Nu heb ik dus samen met een vriend van me een half jaartje geleden een drive in show opgestart en zou wel eens willen weten wat jullie er van vinden.
Ik heb inmiddels 6 keer op een feest gedraaid.

Apparatuur

Geluid
2x dB Technologies Cromo 12
2x Behringer B212D ( Worden alleen op grote feesten midden/achterin de zaal gezet)
Behringer Xenyx 1204Usb
Akai equalizer
Numark Mixtrack
Rode M1 Microfoon

Licht

Showtec dj switch
2x Blacklicht
American DJ Gobo Splash
Blauwe lichtslang 5m
Rode lichtslang 9m
Een simpel spotje met draaiende kleurschijf

Effect

Eurolite N19 rookmachine



Binnenkort word het Showtec Compact opvouwbare led lichtset gekocht, er word ook uitgebreid met de Behringer Eurolive B1500D-PRO subwoofer en er word een belleblaas machine gekocht.


Het meubel is de Dj-Mts 6 van American Dj, daar hebben we een stuk gordijn doek voor hangen en houten platen gemaakt die op de ijzeren balken liggen.

Foto's







*Video van het opbouwen: Klik hier
*

----------


## Ericsamandj

Hoi,

Welkom op het forum.
je showtje ziet er voor een 13 jarige zeer netjes uit. petje af.
Heb je geen cd players mee? voor het geval je laptoppie crasht.

----------


## vdlaanlichtengeluid

Inderdaad heel mooi setje voor iemand van 13!

Je kan goed zijn dat tijden veranderen. Toen ik 13 was nam ik 2 hifi spelers mee in een flightcase.
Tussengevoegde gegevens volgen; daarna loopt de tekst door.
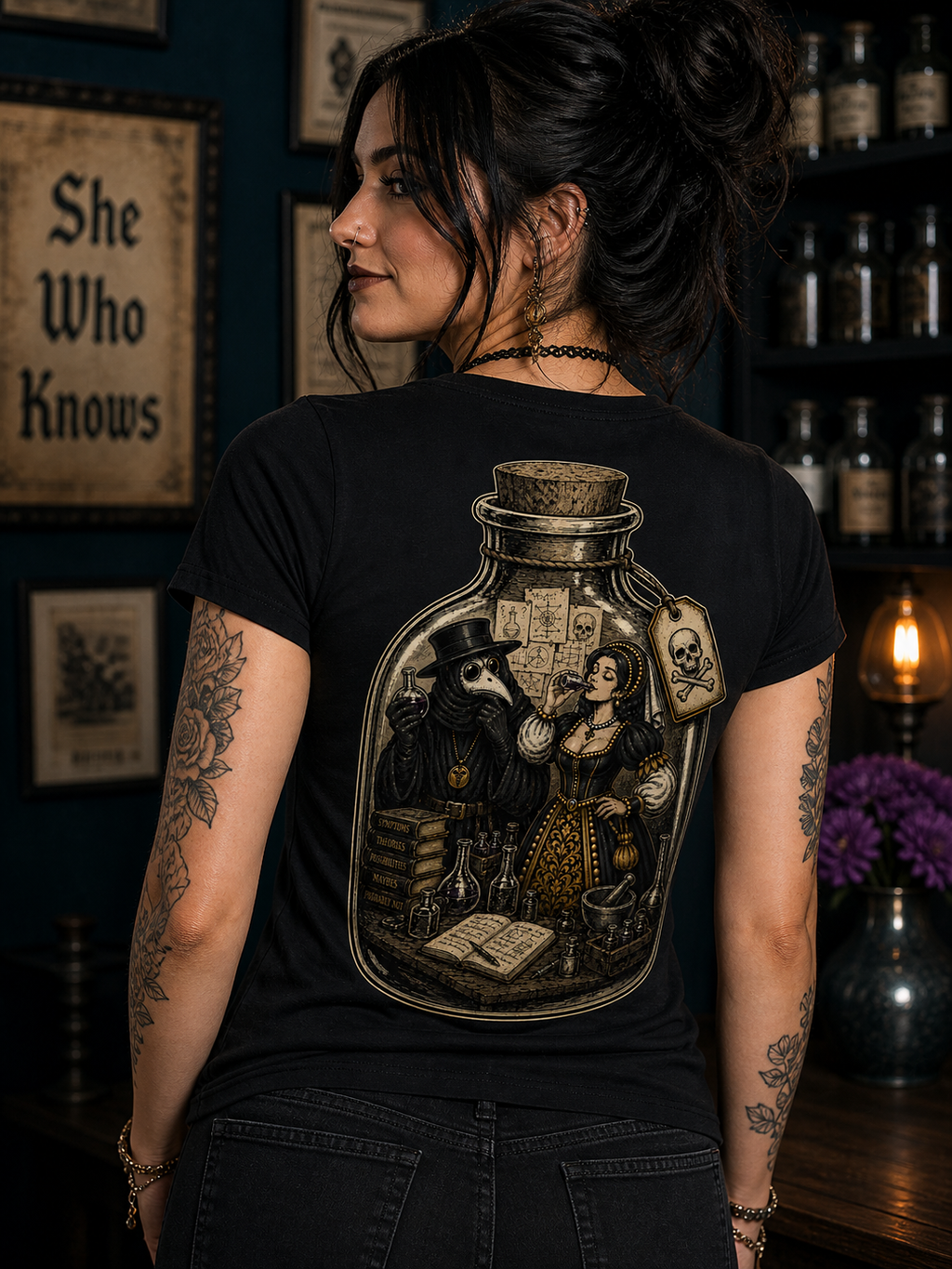 Dr. Corvus and Lady Belladonna T-Shirts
Zou hebben gedroomd van een pc maar ja toen was een 1GHz pc ook nog snel en 512 mb sdram heel erg veel (A) Kortom leuk te zien dat tijden veranderen maar ik vind wel dat je een cd speler bij moet hebben voor als de boel crashed.

----------


## Dj Bjornnie

We hebben bijna altijd 2 laptops bij ons, een is soms voor de beamer en dient ook als back-up als de andere zou crashen.
Ik denk dat ik voortaan wel een gewoon cd spelertje mee neem.
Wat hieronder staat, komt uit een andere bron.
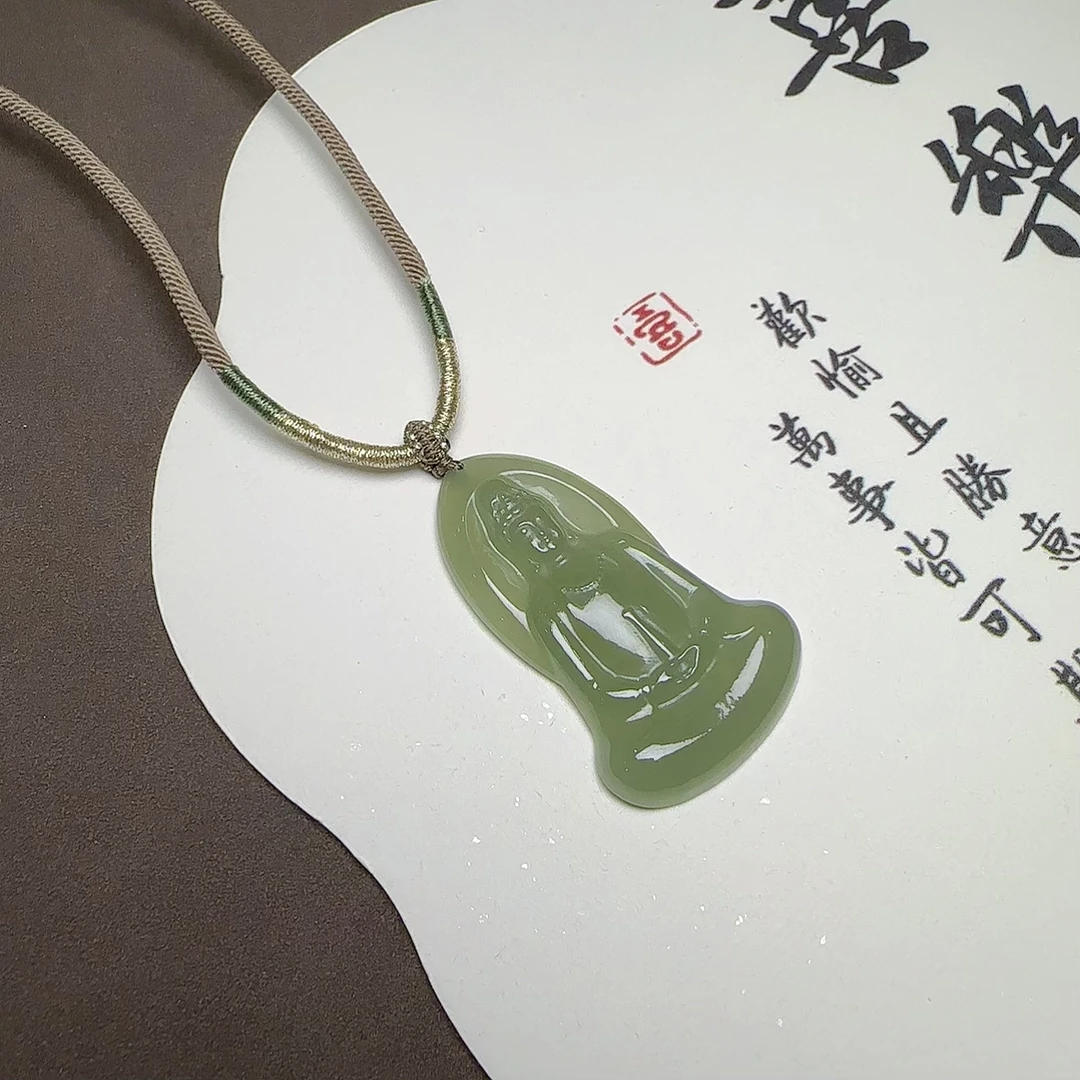 晴水素衣观音吊坠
Ik wil eerst het geluid en licht een beetje op orde krijgen en daarna ben ik van plan om een setje met dubbele cd spelers te gaan kopen.
Of ik koop de Koolsound CDS-110 als back-up.

----------


## dj-inkognito

je hebt idd een zeer leuk setje voor iemand van 13.

MAAR,

[LIST][*]idd een backup cd speler(dubbel) meenemen voor het geval dat werkt altijd[*]kabels netjes wegwerken en niet zo opgebrokt ophangen en laten hangen overal daar struikel je over en is je boel uit.[*]je doek niet met plakband van de -buitenkant- vast plakken dit ziet je publiek ook achterkant kan dat geen kwaad dat zie jij alleen.[*]ik zie witte verlengsnoeren. das echt een no-go bij een drive in zou deze op den duur vervangen voor zwarte[/LIST]
verder erg nette show voor je leeftijd.

hoe doe je dit met vervoeren? rijd papa elke keer mee....

----------


## Dj Bjornnie

Die kabels moet ik nog 1x wat op verzinnen.
De kabel die je op de 1e foto aan de booth ziet hangen is van de microfoon. Dit was toen de best oplossing omdat hier de microfoon nogal vaak gebruikt werd (Prijsuitreiking). 
Die witte verlengsnoeren moet ik inderdaad nog een keer vervangen. Al geeft het met een blacklicht wel een mooi effect (maar dan moet het wel donker zijn)
Ik had het doek eerst met klitteenband vast zitten aan het meubel alleen bleef het klittenband niet vastzitten op het ijzer.. Daarom heb ik het nu als nood oplossing met tape vast zitten. Helaas was mijn zwarte tape ook nog eens op...
Met het vervoeren rijd mijn vader inderdaad elke keer.

----------


## SPS

Reserve CD spelertje is leuk natuurlijk, maar neem je dan ook 8000 nummers mee op CD???? Anders heeft je backup weinig zin....

Paul

----------


## Dj Bjornnie

Ik neem altijd van de stijl de der word gevraagd op het feest dan zo'n 100 nummers mee als back-up omdat ik meestal de pc wel weer aan de gang krijg.
Ik kan me bijna niet voorstellen dat dat ding helemaal crasht ofzo.

----------


## Tom06

> Ik kan me bijna niet voorstellen dat dat ding helemaal crasht ofzo.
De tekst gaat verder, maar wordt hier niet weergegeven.